# wholesaleing/out sourced work



## neil duffey (Feb 22, 2004)

wondering whats the normal/fair discount to your normal prices as far as doing whole sale work for another taxi. iv been approached to do fish and birds for an out of state friend... and want to know whats a fair discounted wholesale price guidline. any advice... ps i say friend i mean acquaintance... not personal friend.


----------



## Initaxidermy (Oct 6, 2006)

When I was offering fish and birds I was at $12.50 an inch on fish and paying my wholesaler $7.00/inch. I was getting $250 for upland birds and ducks and paying $140.00.
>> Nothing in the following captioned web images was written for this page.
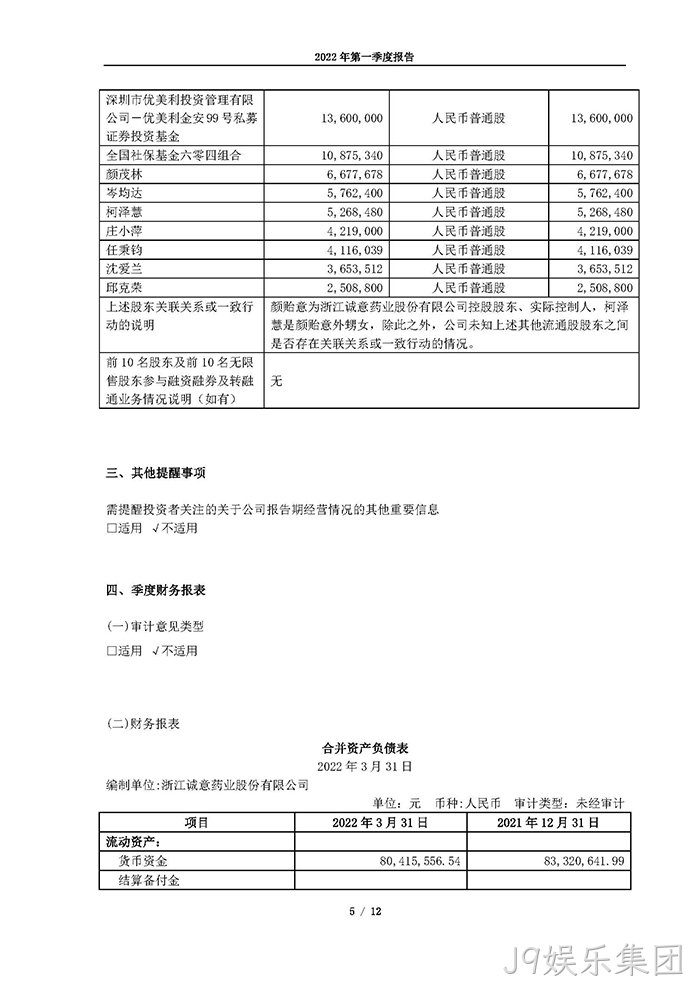 J9娱乐集团2022年第一季度✩✩报告_页面_05
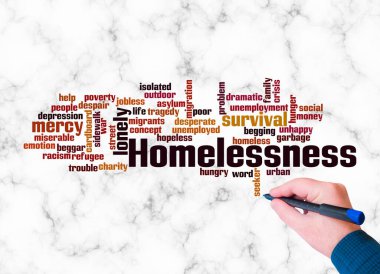 Yuvasız Konsept ile Kelime Bulutu sadece metin ile oluşturulur.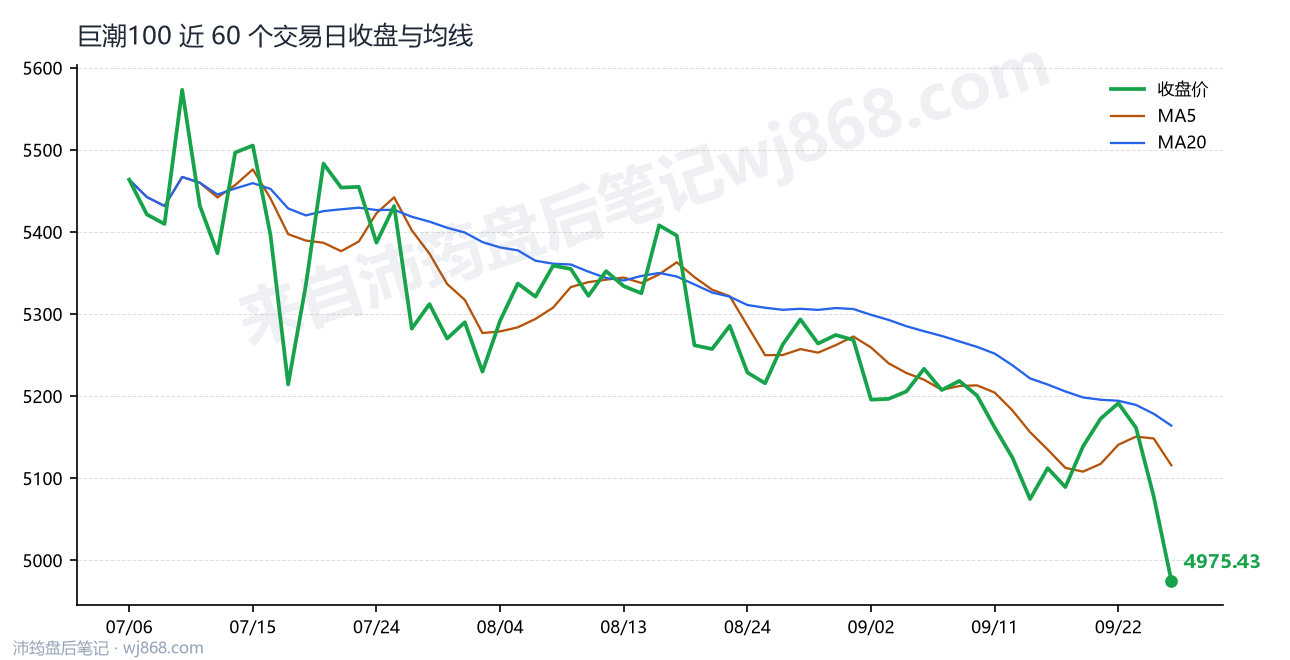 巨潮100最新走势图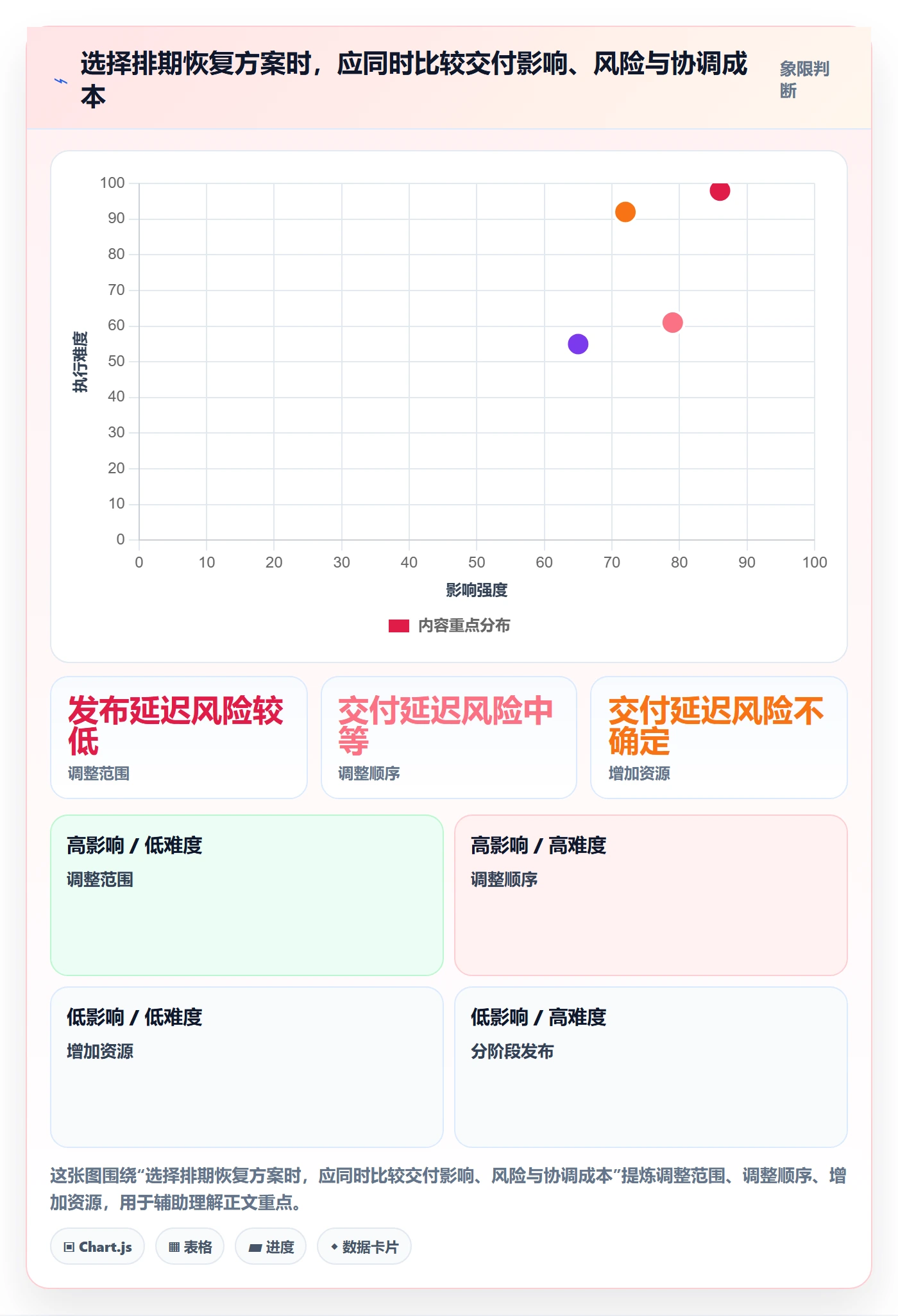 实际时间最佳实践:产品经理甘特图最佳实践,常见问题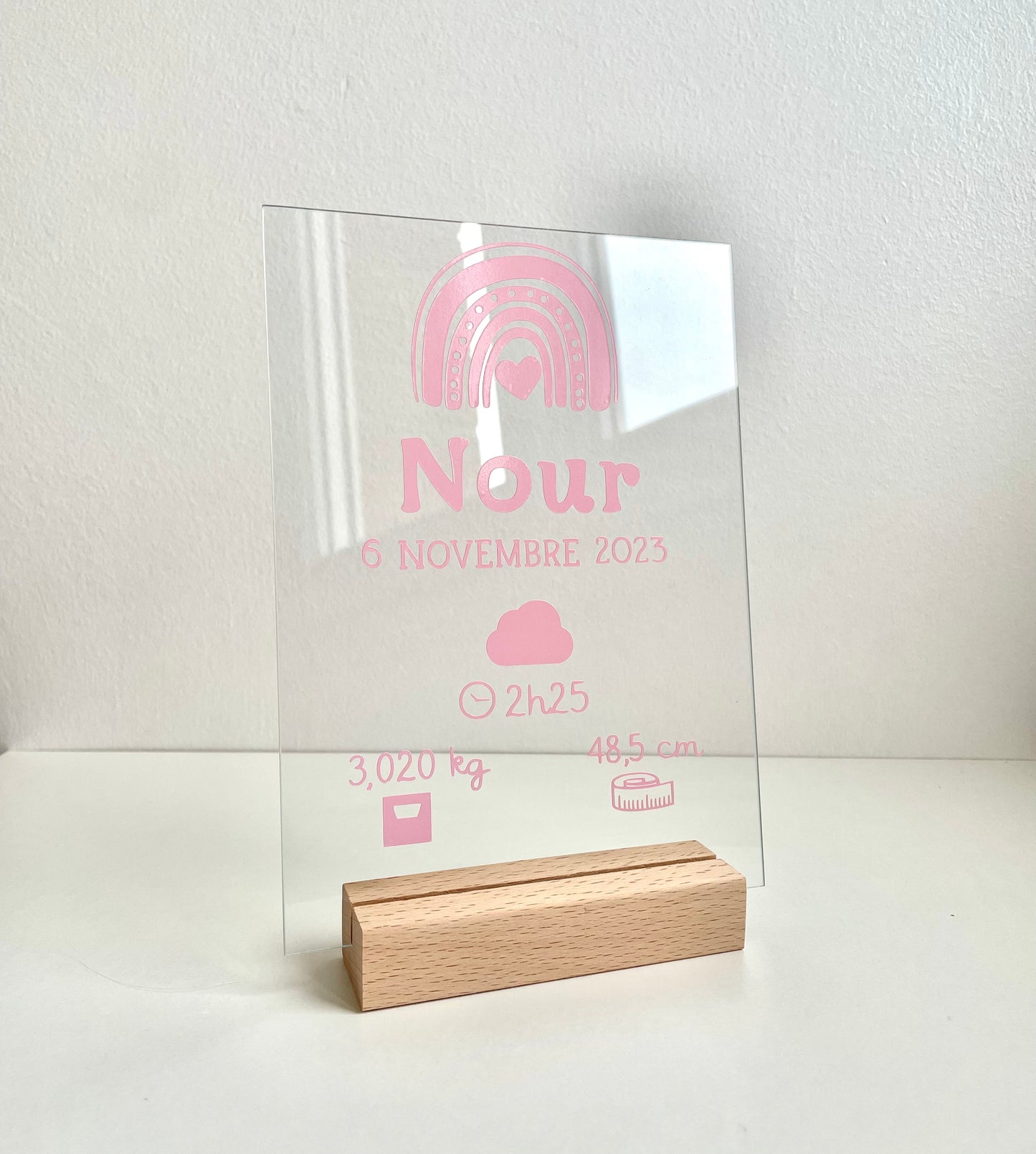 Panneau de naissance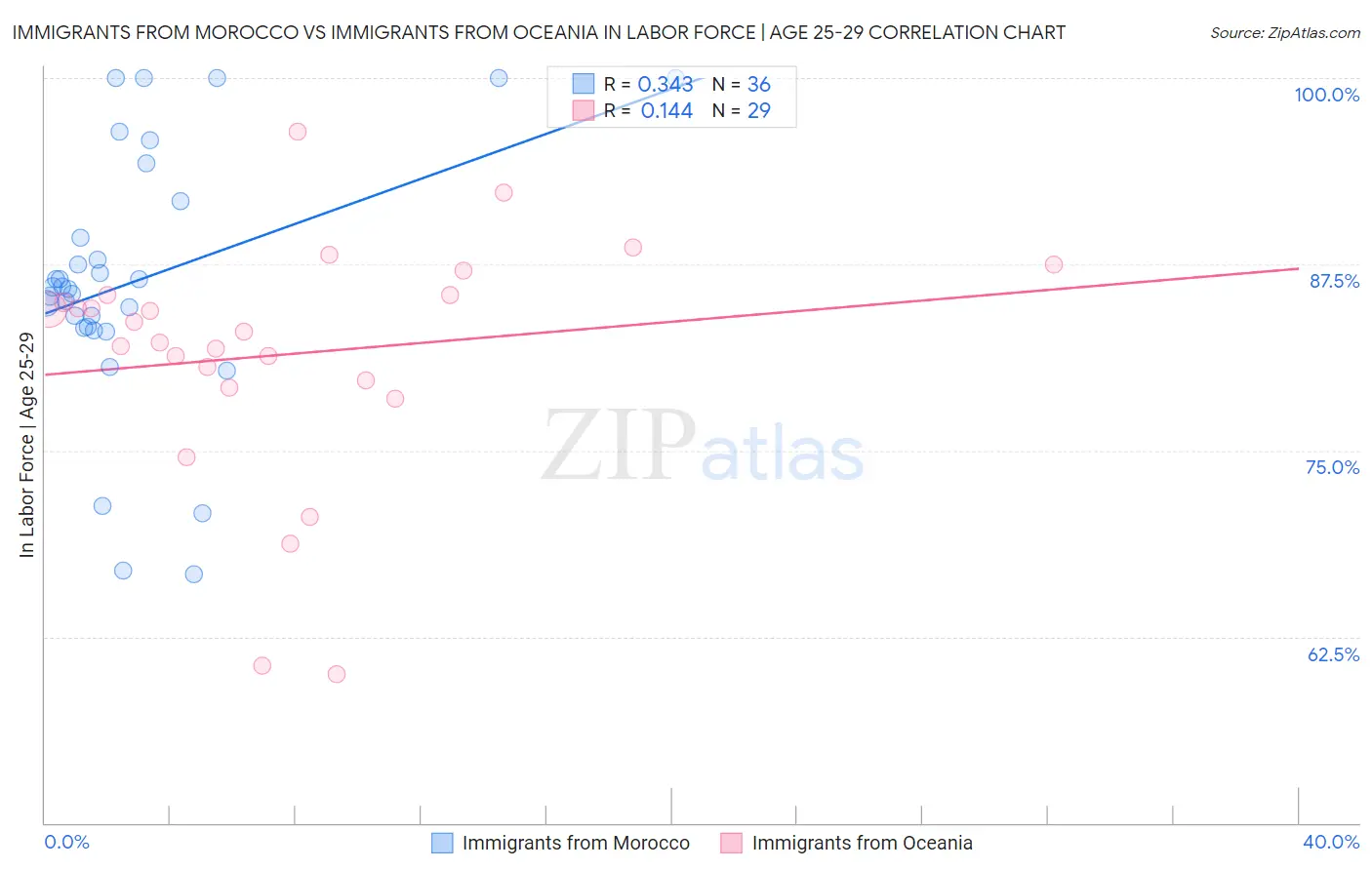 Immigrants from Morocco vs Immigrants from Oceania In Labor Force | Age 25-29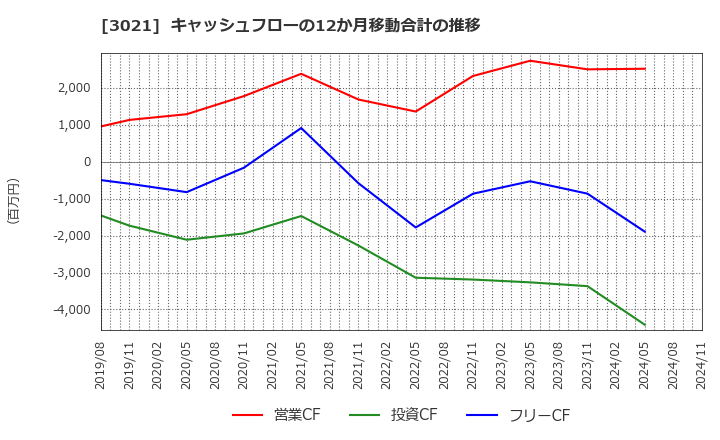 3021 (株)パシフィックネット: キャッシュフローの12か月移動合計の推移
I do wholesale deer heads for a taxidermist in WI and I charge $250 to mount them provided he gives me a tanned cape. Its $350 if I get a green hide. And I charge $450.00 retail.

So there's one answer.


----------



## neil duffey (Feb 22, 2004)

thank you for that example... generaly about a 30% discount?


----------



## Initaxidermy (Oct 6, 2006)

I based my price on materials and time. Our shop rate is around $50.00/hour and so if I got a tanned cape, and had $75.00 in supplies I knew I had to get it done in 4 hours. Since it was just pure work, no interaction with customers, no tanning, no skin prep, I could mount and finish the deer in 4 hours plus materials. That included profit. I wouldn't consider a discount, just figure your costs/plus hourly shop fee and give him the price.

Hugh


----------



## neil duffey (Feb 22, 2004)

Initaxidermy said:


> I based my price on materials and time. Our shop rate is around $50.00/hour and so if I got a tanned cape, and had $75.00 in supplies I knew I had to get it done in 4 hours. Since it was just pure work, no interaction with customers, no tanning, no skin prep, I could mount and finish the deer in 4 hours plus materials. That included profit. I wouldn't consider a discount, just figure your costs/plus hourly shop fee and give him the price.
> 
> Hugh


well that makes sence... thanks hugh.


----------